Monday, May 5, 2008

True Data Portability

I've been thinking about data portability and the phantom "online integrated experience" for a long time now. I know it's possible, and it's within our reach. It's the integration of countless web apps or online services, with each other with no previous knowledge of each other that will make data truly portable, and give us a truly integrated online experience. Sites that are agnostic of each other should be able to connect to allow one to access a user's data on the other and make more sense of it, or do something with it to make it more valuable, and update the user's data on the original site. It would be awesome if I could make a simple web service and integrate it with whichever calendaring site I use (google calendar, other?), whichever to-do list site I use (remember-the-milk, tadalist?), and so on. You could use whichever other sites you use, too, and I wouldn't even need to program any specific API's into my application. This is possible. They have a name for that -- standards. Standards make things work in compliance with one another. It's the same principle that ushered in the industrial revolution.

We have standards for many things -- some of the most recent to become excited about are OpenID and OAuth. These are a form of standards, called specifications. OpenID allows anyone to operate their own authentication -- allow a unique and globally identifiable entity (your openid provider) to agree that you are who you say you are. (The fallacy is that it should often be an entity trusted by both parties, but it ends up being an entity that is proven to be trusted only by the user.) OAuth defines a procedure by which any two sites can talk to each other with a user on hold in order to share data owned by that user, with the user's permission. These are very good and necessary improvements. OpenID is nice, providing a way I can identify myself in the same way to all the services I use; and OAuth is nice because it allows sites to use and modify my data on another site.

But full integration is still a step ahead of us. Every site still has its own language. Each programmer has to make up his own language for his app or service to speak (it's called an API). An API (Application Programming Interface) is "a specification, that defines the means and language of communication with an application." Almost all web services have an API responsive to the same means of communication: HTTP. But the language of communication is still different: each web developer ends up making up his own.

What we need is common terminology, common concepts that define an object (a package of data, a record, etc). REST shows an aspect of this, inferring that any object should respond to (at least) four verbs: GET, POST, PUT, DELETE. In the same way, but going a step further, there are common concepts that we can all apply to common data objects:

  • Object: Package of custom data. Read, Update, perhaps Append.

  • Listing: several instances of Object in their abbreviated form. Read (with filtering options).

  • Collection: several instances of Object in their complete form. Read (with filtering options), Append.
37Signals has debuted a very important piece with ActiveResource -- calling convention to dictate common terminology. Using "include" to mean you want the object an associated object embedded is one example, using parameters the same name as model properties in order to filter your results is another convention. What we need is more of this, but re-thinking it from the concepts at the foundation of data.

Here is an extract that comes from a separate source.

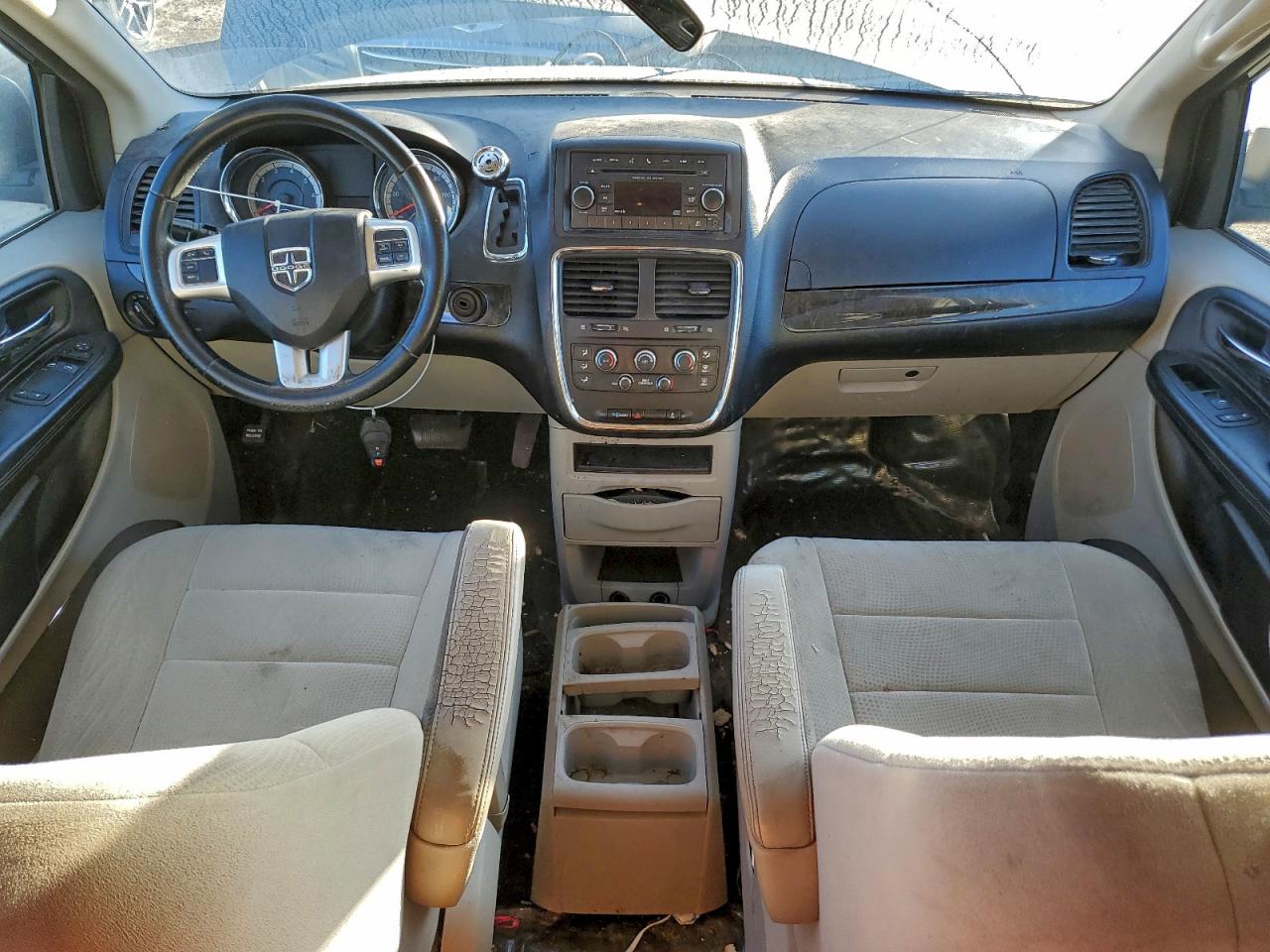 2012 DODGE GRAND CARAVAN SE photo 8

I've started a google group for this initiative. I can't say how far it will go, but I'd like to get some key people into it to discuss these things. Especially people who hold some of the key implementations (like ActiveResource) would be wonderful.
See the group: http://groups.google.com/group/cloudapi -- JOIN if you have ideas to share!

Monday, April 28, 2008

Three Web Trends to keep your eye on

Trend #1: Do one thing and do it well.

In developing web apps, translate: "Replace feature-bloat with KISS and Integration." I learned this lesson in two or more areas of life separately and realized it's a global principle. The same principle was learned in the Industrial Revolution (throughout the 1800s) -- each worker can excel at making one simple part with a high level of quality and consistency, and the product can be put together with these many parts. Of course leaders of people know this same principle -- when each person has their tasks well-defined and knows how to accomplish them efficiently and excellently, there is little limit left as to what can be accomplished.

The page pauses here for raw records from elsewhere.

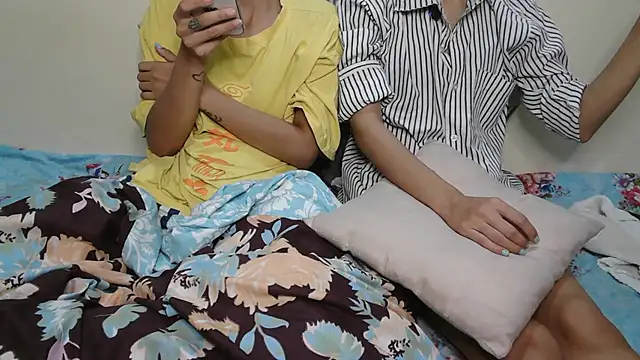 Snapshot of NaughtyThrouple007 chatting on November 1, 2025, 5:48 pm NaughtyThrouple007 online show from November 1, 2025, 5:48 pm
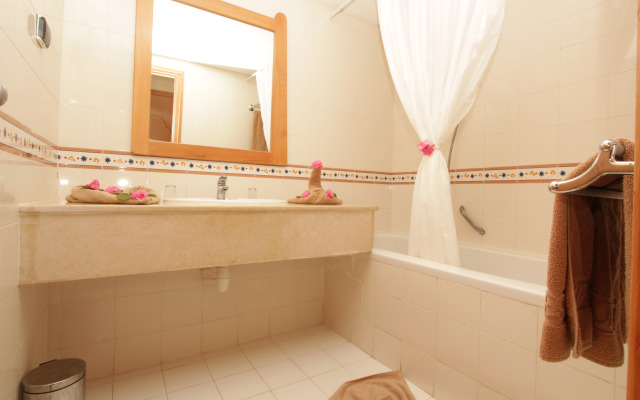 Hotel Zita Beach Resort
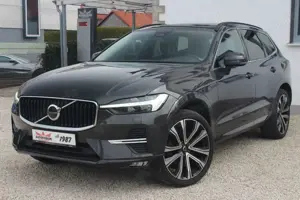 Volvo XC60 B4 AWD~AHK~Kamera~20 Zoll~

Why do I call this a trend? You've heard of the "KISS" concept -- Keep It Simple, Stupid. The more I use the internet (and I'm sure it's not just me), the more I find it's the simple services that are the most useful. The ones that simply do one thing for me, but they do it well, keep it succinct, stay out of the way and let me do my thing, not trying to do more (or make me do more) than I want. Gmail -- have you noticed that of all things it could be, it's remained ONLY an email service? All of the energy and effort has gone into making it easier to use, more intuitive to operate, and staying out of your way. Any extra tools (contact groups, etc) are kept in the toolbox, not in your hand.

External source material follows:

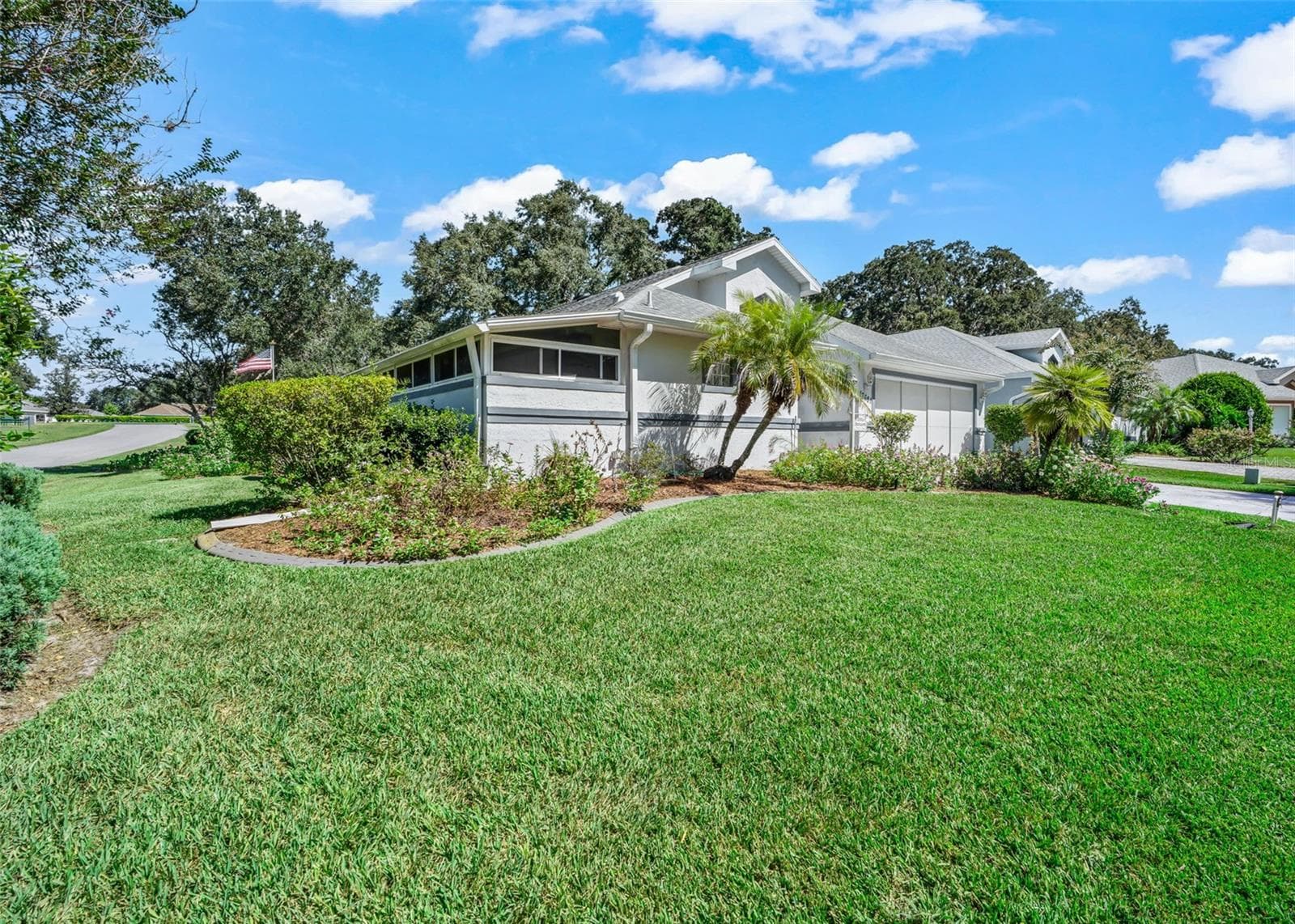 Tropical Professional Landscaping - 17681 SE 115TH CT, SUMMERFIELD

This is also a psychological thing. People will come to your web app and think, what is this service? Notice: They don't think, "What can it do for me?", they think, "What need do I [already] have that this service can fill?" And then, "Is it worth the trouble?" This last question I don't think I've heard enough in a developer's evaluation of a web app. Some services are killer, the interface beautiful, the monetization simple and invisible, even the solution simple; but if it's not worth the trouble of using the site, the service is worthless. How can we navigate this psychological narrows? Make your app do one thing and do it well. Advertise the one thing it does. Feature-lacking? Open an API and connect with other sites. Add functionality by making separate and distinct web services yourself, and connecting the two. (If you own them both, of course you have advantages for integration, but do keep them separate and allow them to perform their distinct service to the world independently.)

Trend #2: Users are beginning to take Integration for Granted.

In practical terms: "Integration is Key. Do it."

In this wonderful world of online applications, this is something that started out as cool and somewhat helpful and has grown to something that is necessary to forward movement. The world of online applications must start to link arms in order to grow. Many of these simple applications (as following Trend #1) are so good on their own, but we all know they'd be even better together. Thus the word "Mashup" was birthed. Mashups combine two or more services into one to provide a more valuable service. That's great, but it's not the integration I'm talking about. I'm talking about in-app integration -- like access to your gmail contacts from gcalendar and gdocs. There's a really useful tool called "Presdo" that recently was publicized, that can export to several calendars. Real integration would mean any user can voluntarily "add" presdo data to their calendar app -- no matter what calendaring app they use.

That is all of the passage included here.